Please restate word for word the lines of the entries below from the one with "Ottomanson Ultimate Shaggy" to the one with "Panda Whale Cropped Pullover Crew", inclusive, and leave out every picture.

───── EXERCISE INPUT ─────

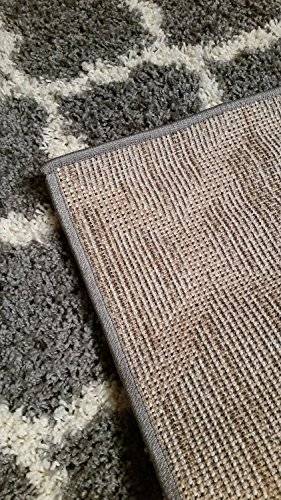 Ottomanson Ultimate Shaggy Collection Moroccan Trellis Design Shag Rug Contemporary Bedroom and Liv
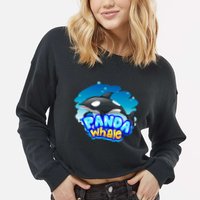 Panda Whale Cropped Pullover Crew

─────
───── EXERCISE INPUT ─────

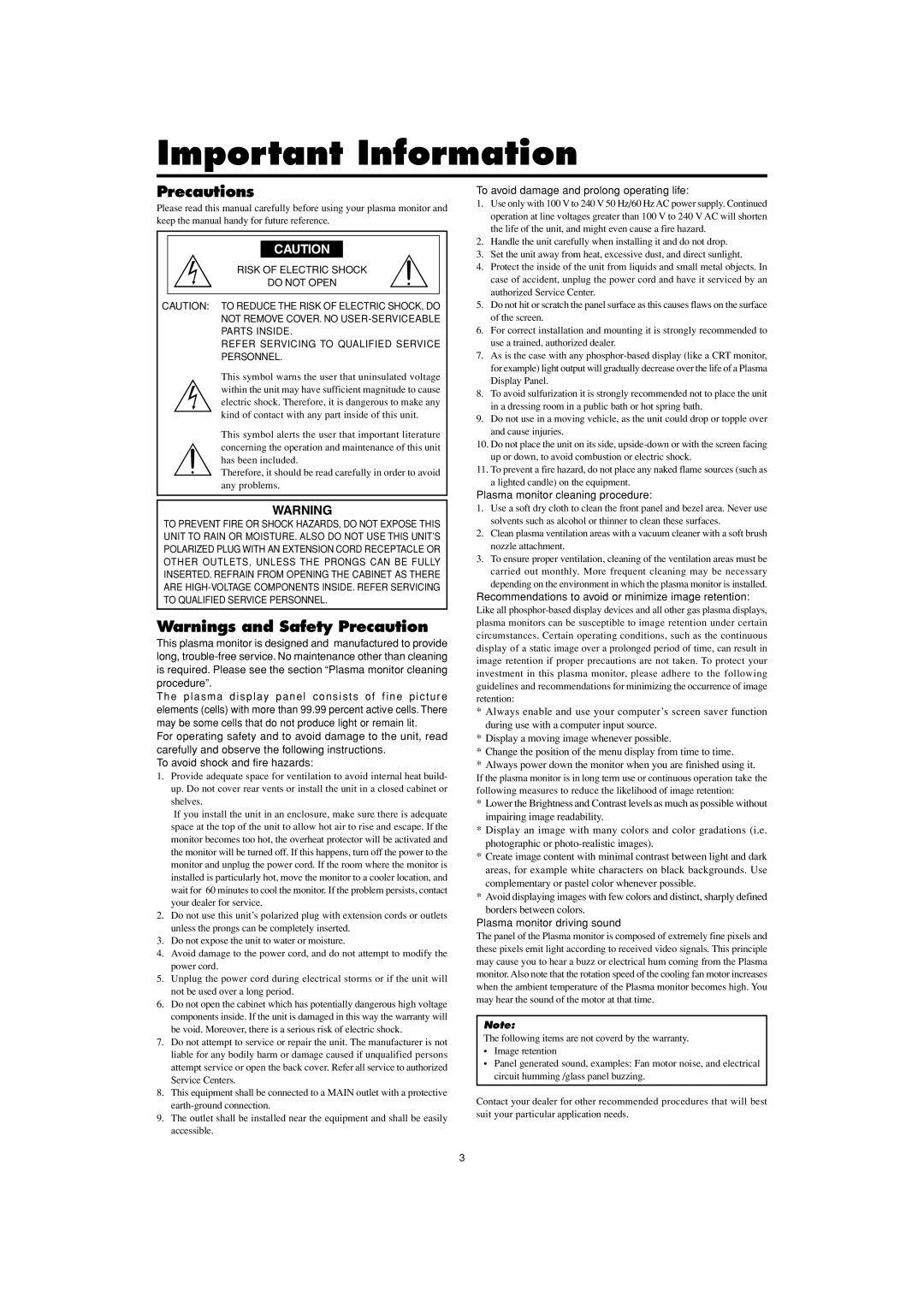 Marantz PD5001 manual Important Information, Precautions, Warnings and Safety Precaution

─────

→ **TASK OUTPUT**:
 Ottomanson Ultimate Shaggy Collection Moroccan Trellis Design Shag Rug Contemporary Bedroom and Liv
 Panda Whale Cropped Pullover Crew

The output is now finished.